Prochaine étape, une deuxième ville

Les étudiants donnaient souvent quatre ou cinq meubles d’un coup, et la plupart étaient en très bon état. Ils étaient contents de donner, que cela serve à d’autres, et de ne pas les mettre dans la rue. On a récolté tellement de meubles qu’on a organisé une petite vente pour désengorger le local. La « vraie » est prévue toute la semaine du 6 septembre, en extérieur, sous un chapiteau. L’idée, c’est aussi de proposer une fête de rentrée autour de l’économie circulaire, en présentant d’autres initiatives du genre. On a fixé les prix des meubles sur la fourchette basse du marché d’occasion : une chaise coûtera 5 euros, un canapé 50 euros, etc.

L’université catholique de Lille tient à nous aider pour trouver un lieu pour la rentrée, un espace de vente ; on voudrait aussi créer un café solidaire pour rassembler les étudiants autour de projets du même type.

On va se lancer cet été à Roubaix, qui compte 11 000 étudiants

Nous avons reçu des prix des Fondations Deloitte, Veolia et Famae, ainsi qu’un autre qui va nous permettre d’aller à la World Cup Enactus, dans la Silicon Valley. C’est une énorme reconnaissance, qui nous permet de voir plus grand et plus loin, grâce à des fonds supplémentaires : on va se lancer cet été à Roubaix, qui compte 11 000 étudiants. La ville nous a mis en contact avec un particulier qui nous prête un local jusqu’à fin septembre.

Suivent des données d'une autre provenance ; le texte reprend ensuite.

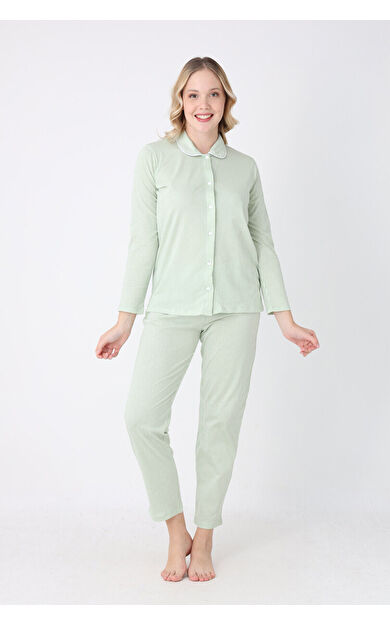 Yeşil Sleepy Önden Düğmeli Pijama Takım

Elsa et moi sommes sur le point de partir en stage de fin d’études, on a donc passé la main à une nouvelle présidente, mais nous l’accompagnerons à la rentrée. On aimerait, à terme, créer un emploi pour faire grandir le projet, et, une fois bien installé à Lille et à Roubaix, le dupliquer dans d’autres villes universitaires, et, qui sait, peut-être créer une fédération Campus Market. »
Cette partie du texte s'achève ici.